OTHER TEST CONDITIONS
- Photoperiod: 16 h light/8 h dark
- Light intensity: 49 - 85 footcandles (530 - 920 lux) provided by Sylvania Oktron fluorescent bulbs

EFFECT PARAMETERS MEASURED (with observation intervals if applicable): After males and females had been paired (day 13), the number of dead males and females, the number of offspring produced by each individual female, and any abnormal appearance or behaviour was recorded daily. After test end, body length and dry weight was determined.

RANGE-FINDING STUDY
- 2 studies were performed:
- Test concentrations: (1) nominal 1.6, 3.1, 6.3, 13 and 25 mg a.i./L; (2) 6.3, 13, 25, 50 and 100 mg a.i./L
- Results used to determine the conditions for the definitive study: Since a NOEC level was not established, nominal concentrations were revised to 0.19, 0.38, 0.75, 1.5 and 3.0 mg a.i./L.

Duration:

28 d

Dose descriptor:

NOEC

Effect conc.:

0.17 mg/L

Nominal / measured:

meas. (arithm. mean)

Conc. based on:

act. ingr.

Basis for effect:

reproduction

Duration:

28 d

Dose descriptor:

LOEC

Effect conc.:

0.31 mg/L

Nominal / measured:

meas. (arithm. mean)

Conc. based on:

act. ingr.

Basis for effect:

reproduction

Duration:

28 d

Dose descriptor:

other: MATC

Effect conc.:

0.23 mg/L

Nominal / measured:

meas. (arithm. mean)

Conc. based on:

act. ingr.

Basis for effect:

reproduction

Details on results:

- No. of offspring produced per day per female: validity criteria are not reached, the average offspring per female in the controls was only 0.77 per day indicating severe underperformance (performance criterion: >= 3/day).
- In general, the stability of stock solutions was questionable for a period of greater than 48 h, since degradation of the samples was observed. All stock solutions used during this study were < 48 h old.

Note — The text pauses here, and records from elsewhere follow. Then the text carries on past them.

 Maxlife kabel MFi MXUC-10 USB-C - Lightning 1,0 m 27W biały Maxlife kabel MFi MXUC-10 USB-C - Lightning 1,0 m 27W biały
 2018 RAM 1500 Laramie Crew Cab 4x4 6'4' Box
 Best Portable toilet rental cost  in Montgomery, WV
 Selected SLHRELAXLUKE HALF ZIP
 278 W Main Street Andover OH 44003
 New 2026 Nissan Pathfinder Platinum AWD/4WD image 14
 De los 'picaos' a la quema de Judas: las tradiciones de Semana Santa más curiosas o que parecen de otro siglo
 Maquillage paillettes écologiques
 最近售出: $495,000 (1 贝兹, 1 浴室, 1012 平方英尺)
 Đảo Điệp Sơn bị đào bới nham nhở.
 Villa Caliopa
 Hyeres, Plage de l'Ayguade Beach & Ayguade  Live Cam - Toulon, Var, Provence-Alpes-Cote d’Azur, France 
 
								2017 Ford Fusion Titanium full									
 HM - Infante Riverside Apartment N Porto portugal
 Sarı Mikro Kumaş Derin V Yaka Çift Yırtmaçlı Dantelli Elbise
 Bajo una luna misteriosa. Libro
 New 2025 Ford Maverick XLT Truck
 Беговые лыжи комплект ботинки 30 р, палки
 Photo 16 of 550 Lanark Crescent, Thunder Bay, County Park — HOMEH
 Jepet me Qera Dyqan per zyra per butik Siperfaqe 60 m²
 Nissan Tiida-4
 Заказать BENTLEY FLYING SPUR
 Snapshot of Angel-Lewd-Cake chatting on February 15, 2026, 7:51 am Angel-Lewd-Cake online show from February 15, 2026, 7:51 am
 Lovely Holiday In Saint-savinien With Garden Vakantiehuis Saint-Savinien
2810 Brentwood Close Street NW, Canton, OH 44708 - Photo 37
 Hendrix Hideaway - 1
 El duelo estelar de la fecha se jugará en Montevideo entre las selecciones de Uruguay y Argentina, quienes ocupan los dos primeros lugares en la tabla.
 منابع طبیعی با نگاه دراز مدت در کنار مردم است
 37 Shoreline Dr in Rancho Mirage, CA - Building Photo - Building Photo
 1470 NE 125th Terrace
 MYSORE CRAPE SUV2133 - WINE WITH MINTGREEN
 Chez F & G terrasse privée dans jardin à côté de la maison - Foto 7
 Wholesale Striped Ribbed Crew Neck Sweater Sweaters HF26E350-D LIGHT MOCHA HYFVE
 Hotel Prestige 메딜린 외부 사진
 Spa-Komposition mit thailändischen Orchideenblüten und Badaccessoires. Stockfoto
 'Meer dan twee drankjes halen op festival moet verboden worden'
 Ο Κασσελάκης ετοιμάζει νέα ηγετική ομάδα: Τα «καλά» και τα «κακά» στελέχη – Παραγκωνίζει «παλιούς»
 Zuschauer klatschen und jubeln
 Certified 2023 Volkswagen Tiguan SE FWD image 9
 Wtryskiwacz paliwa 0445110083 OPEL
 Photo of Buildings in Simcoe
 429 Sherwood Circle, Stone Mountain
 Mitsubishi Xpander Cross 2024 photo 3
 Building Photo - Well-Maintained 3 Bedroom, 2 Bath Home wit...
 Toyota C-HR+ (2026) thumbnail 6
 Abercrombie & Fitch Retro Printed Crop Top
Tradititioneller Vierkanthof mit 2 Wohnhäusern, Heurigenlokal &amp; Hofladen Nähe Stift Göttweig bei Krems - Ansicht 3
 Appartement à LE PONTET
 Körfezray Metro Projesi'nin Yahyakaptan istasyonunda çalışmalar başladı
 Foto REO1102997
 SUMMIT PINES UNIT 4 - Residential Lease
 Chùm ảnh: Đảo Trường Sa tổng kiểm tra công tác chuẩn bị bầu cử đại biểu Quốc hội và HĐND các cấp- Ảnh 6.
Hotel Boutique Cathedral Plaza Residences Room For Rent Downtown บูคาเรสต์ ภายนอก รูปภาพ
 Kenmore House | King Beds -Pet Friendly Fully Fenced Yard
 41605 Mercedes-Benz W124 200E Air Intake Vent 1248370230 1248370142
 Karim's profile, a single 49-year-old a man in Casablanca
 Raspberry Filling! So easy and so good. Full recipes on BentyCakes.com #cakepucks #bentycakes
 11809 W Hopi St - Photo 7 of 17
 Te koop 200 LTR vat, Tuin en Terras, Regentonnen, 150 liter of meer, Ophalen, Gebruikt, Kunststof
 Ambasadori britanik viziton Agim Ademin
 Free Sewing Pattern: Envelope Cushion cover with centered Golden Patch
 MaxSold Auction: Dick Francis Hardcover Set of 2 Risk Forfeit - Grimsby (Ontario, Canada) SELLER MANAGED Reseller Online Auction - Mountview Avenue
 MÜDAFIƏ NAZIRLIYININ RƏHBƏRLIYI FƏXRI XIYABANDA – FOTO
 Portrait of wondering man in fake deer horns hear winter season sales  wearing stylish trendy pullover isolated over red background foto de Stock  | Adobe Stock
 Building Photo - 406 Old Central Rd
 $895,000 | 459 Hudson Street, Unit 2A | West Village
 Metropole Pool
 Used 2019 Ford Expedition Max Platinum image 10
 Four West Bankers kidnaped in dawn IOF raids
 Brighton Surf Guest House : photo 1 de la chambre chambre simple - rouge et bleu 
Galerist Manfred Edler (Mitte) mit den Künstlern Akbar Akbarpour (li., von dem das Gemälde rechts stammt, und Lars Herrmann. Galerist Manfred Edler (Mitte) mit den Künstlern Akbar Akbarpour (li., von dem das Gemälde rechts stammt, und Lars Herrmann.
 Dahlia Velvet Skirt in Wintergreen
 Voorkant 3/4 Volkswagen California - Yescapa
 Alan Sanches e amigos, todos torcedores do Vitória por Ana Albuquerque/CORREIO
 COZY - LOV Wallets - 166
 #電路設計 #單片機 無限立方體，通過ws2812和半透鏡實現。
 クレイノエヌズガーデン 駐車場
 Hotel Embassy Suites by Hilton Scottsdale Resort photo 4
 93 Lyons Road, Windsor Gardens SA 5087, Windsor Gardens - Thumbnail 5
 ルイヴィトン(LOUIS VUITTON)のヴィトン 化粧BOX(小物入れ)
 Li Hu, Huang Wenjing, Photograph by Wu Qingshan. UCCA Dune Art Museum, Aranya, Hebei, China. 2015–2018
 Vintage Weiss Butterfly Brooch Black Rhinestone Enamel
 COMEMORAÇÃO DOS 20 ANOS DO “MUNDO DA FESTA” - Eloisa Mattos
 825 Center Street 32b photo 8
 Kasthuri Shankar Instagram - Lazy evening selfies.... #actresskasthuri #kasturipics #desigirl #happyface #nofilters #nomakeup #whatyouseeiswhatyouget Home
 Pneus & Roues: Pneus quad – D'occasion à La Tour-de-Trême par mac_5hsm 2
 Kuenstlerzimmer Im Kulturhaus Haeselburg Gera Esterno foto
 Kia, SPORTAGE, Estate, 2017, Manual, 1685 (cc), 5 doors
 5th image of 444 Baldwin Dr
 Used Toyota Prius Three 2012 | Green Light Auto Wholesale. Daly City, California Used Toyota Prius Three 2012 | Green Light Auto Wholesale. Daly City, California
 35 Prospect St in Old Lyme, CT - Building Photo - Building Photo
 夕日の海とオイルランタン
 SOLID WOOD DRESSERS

Table: First generation (F0) survival, F0 reproduction, F0 average body length and F0 average dry body weight at the termination of the 28 day life-cycle test exposing mysids to AE 0001789 technical. (a) Significantly reduced compared to the control, based on Williams' Test.

Mean measured concentration (mg a.i./L)	Test Day 28 Survival (%, male-female combined)	Reproductive Success (Offspring/Female/Reproductive Day)	Average Total Body Length (mm)		Dry Body Weight (mg)
			Males	Females	Males	Females
Control	87	0.77	7.2	7.4	0.81	1.12
0.17	92	0.64	7.3	7.5	0.81	1.12
0.31	93	0.51 (a)	7.4	7.5	0.88	1.08
0.54	96	0.57 (a)	7.3	7.4	0.82	1.18
1.1	84	0.27 (a)	7.2	7.3 (a)	0.86	1.06
1.7	94	0.26 (a)	7.1	7.3 (a)	0.86	0.96 (a)

Validity criteria fulfilled:

no

Remarks:

validity criteria are not reached, the average offspring per female in the controls was only 0.77 per day indicating severe underperformance (performance criterion: >= 3/day).